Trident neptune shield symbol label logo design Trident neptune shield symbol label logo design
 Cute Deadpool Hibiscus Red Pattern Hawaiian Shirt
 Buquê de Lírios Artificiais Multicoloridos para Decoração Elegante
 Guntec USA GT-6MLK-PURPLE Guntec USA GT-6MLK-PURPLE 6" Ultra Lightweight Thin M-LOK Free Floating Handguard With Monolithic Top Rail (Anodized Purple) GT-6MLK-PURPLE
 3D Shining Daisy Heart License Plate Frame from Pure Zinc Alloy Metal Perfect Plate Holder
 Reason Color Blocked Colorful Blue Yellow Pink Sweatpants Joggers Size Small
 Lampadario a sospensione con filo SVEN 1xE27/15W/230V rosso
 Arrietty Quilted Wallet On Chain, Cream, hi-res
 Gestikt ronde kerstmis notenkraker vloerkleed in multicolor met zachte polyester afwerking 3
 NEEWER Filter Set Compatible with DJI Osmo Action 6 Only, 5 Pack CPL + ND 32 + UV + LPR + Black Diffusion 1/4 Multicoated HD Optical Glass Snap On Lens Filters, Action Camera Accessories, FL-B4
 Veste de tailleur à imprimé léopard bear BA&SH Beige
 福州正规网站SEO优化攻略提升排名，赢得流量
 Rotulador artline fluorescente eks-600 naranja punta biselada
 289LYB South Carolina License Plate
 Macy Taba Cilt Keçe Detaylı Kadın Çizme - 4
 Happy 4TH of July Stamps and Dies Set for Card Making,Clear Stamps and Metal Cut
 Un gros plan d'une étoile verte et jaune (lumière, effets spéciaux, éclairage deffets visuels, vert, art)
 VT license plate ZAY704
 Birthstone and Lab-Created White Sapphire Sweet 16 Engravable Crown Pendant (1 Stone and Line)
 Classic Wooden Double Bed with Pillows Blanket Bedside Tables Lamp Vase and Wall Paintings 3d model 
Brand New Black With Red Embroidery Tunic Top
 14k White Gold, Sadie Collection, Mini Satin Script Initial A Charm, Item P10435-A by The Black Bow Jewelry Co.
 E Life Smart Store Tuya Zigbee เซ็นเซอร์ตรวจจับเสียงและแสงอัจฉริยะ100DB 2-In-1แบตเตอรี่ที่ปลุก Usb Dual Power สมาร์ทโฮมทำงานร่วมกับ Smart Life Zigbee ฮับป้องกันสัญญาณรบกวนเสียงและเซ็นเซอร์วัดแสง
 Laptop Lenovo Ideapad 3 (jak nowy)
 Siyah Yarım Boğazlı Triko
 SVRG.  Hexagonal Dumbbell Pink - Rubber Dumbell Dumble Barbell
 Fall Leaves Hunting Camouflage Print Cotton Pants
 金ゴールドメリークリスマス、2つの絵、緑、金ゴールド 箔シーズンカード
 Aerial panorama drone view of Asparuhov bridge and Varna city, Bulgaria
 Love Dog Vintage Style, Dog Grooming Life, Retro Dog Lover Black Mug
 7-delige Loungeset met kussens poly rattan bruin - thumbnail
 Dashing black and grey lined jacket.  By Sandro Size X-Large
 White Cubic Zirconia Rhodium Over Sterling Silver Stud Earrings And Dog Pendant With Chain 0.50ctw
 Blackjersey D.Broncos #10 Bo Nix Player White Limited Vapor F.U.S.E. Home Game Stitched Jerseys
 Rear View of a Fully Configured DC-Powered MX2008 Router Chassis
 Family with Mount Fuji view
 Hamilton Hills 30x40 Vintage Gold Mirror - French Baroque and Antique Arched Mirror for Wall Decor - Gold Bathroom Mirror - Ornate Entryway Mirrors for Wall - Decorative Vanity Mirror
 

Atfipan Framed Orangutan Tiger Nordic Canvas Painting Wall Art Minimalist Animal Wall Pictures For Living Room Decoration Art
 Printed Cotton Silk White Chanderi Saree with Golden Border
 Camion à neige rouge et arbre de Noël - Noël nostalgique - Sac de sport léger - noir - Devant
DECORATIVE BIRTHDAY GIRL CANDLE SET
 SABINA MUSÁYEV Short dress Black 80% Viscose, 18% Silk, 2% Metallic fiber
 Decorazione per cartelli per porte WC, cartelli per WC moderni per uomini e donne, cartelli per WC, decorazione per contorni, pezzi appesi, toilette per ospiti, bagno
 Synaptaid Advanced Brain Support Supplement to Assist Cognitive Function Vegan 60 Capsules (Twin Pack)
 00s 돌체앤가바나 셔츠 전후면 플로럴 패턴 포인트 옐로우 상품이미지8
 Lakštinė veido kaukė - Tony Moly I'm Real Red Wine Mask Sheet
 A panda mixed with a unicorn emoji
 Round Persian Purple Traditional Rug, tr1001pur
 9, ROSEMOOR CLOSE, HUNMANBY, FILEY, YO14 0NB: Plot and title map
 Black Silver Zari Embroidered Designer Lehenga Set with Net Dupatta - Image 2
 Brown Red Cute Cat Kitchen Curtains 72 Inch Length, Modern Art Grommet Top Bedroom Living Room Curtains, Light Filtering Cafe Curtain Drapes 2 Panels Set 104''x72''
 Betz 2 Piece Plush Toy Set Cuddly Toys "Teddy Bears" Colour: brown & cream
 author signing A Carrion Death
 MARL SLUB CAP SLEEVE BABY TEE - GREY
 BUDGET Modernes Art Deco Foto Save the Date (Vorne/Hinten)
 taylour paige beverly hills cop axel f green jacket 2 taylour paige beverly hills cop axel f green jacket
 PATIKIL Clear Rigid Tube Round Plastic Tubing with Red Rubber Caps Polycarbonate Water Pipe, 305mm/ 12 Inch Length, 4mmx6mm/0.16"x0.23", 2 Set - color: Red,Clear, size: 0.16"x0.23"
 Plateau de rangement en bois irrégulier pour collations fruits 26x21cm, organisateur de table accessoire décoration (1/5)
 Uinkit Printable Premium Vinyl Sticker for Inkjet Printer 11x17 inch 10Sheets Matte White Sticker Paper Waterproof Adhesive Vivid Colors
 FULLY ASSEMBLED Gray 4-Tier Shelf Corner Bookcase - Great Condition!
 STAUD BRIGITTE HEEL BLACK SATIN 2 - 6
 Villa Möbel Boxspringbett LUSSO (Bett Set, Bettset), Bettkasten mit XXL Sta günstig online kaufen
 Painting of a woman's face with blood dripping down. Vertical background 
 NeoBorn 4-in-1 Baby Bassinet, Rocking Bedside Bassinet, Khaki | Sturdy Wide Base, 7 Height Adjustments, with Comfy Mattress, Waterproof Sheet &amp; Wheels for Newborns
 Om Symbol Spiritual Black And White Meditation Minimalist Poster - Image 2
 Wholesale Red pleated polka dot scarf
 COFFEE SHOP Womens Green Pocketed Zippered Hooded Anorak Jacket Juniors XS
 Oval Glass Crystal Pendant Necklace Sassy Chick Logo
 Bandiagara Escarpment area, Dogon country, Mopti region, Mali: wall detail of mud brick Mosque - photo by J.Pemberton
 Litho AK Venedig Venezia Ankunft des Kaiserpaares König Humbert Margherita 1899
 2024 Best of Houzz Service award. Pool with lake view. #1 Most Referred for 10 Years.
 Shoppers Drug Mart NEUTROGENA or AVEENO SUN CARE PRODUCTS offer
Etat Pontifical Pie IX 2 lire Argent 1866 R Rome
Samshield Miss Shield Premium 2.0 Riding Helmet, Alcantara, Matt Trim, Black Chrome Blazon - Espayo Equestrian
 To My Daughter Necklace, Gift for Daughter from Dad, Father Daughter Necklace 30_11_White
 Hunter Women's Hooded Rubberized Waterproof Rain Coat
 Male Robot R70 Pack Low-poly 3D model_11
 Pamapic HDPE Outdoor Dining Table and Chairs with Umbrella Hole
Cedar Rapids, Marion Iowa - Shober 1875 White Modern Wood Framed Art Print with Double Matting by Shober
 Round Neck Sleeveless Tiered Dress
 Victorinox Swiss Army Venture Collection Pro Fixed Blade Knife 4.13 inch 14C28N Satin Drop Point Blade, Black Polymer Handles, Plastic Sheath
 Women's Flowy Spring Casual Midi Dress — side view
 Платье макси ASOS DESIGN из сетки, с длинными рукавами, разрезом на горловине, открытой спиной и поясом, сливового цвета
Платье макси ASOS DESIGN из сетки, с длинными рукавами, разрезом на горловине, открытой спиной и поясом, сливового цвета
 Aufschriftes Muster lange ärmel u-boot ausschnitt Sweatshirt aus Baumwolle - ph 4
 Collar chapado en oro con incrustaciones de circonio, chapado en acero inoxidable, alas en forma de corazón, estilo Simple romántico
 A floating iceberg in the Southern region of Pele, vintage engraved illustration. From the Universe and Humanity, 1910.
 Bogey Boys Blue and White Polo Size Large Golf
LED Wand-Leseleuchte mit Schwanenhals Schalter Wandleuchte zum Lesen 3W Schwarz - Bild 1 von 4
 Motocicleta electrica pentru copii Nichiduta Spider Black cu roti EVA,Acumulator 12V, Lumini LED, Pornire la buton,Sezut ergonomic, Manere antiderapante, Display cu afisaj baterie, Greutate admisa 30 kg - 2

Problem details = Word for word, repeat the data from its first line through the line with "金ゴールドメリークリスマス、2つの絵、緑、金ゴールド 箔シーズンカード", including both of those lines and no others.

Answer to this task =
Trident neptune shield symbol label logo design Trident neptune shield symbol label logo design
 Cute Deadpool Hibiscus Red Pattern Hawaiian Shirt
 Buquê de Lírios Artificiais Multicoloridos para Decoração Elegante
 Guntec USA GT-6MLK-PURPLE Guntec USA GT-6MLK-PURPLE 6" Ultra Lightweight Thin M-LOK Free Floating Handguard With Monolithic Top Rail (Anodized Purple) GT-6MLK-PURPLE
 3D Shining Daisy Heart License Plate Frame from Pure Zinc Alloy Metal Perfect Plate Holder
 Reason Color Blocked Colorful Blue Yellow Pink Sweatpants Joggers Size Small
 Lampadario a sospensione con filo SVEN 1xE27/15W/230V rosso
 Arrietty Quilted Wallet On Chain, Cream, hi-res
 Gestikt ronde kerstmis notenkraker vloerkleed in multicolor met zachte polyester afwerking 3
 NEEWER Filter Set Compatible with DJI Osmo Action 6 Only, 5 Pack CPL + ND 32 + UV + LPR + Black Diffusion 1/4 Multicoated HD Optical Glass Snap On Lens Filters, Action Camera Accessories, FL-B4
 Veste de tailleur à imprimé léopard bear BA&SH Beige
 福州正规网站SEO优化攻略提升排名，赢得流量
 Rotulador artline fluorescente eks-600 naranja punta biselada
 289LYB South Carolina License Plate
 Macy Taba Cilt Keçe Detaylı Kadın Çizme - 4
 Happy 4TH of July Stamps and Dies Set for Card Making,Clear Stamps and Metal Cut
 Un gros plan d'une étoile verte et jaune (lumière, effets spéciaux, éclairage deffets visuels, vert, art)
 VT license plate ZAY704
 Birthstone and Lab-Created White Sapphire Sweet 16 Engravable Crown Pendant (1 Stone and Line)
 Classic Wooden Double Bed with Pillows Blanket Bedside Tables Lamp Vase and Wall Paintings 3d model 
Brand New Black With Red Embroidery Tunic Top
 14k White Gold, Sadie Collection, Mini Satin Script Initial A Charm, Item P10435-A by The Black Bow Jewelry Co.
 E Life Smart Store Tuya Zigbee เซ็นเซอร์ตรวจจับเสียงและแสงอัจฉริยะ100DB 2-In-1แบตเตอรี่ที่ปลุก Usb Dual Power สมาร์ทโฮมทำงานร่วมกับ Smart Life Zigbee ฮับป้องกันสัญญาณรบกวนเสียงและเซ็นเซอร์วัดแสง
 Laptop Lenovo Ideapad 3 (jak nowy)
 Siyah Yarım Boğazlı Triko
 SVRG.  Hexagonal Dumbbell Pink - Rubber Dumbell Dumble Barbell
 Fall Leaves Hunting Camouflage Print Cotton Pants
 金ゴールドメリークリスマス、2つの絵、緑、金ゴールド 箔シーズンカード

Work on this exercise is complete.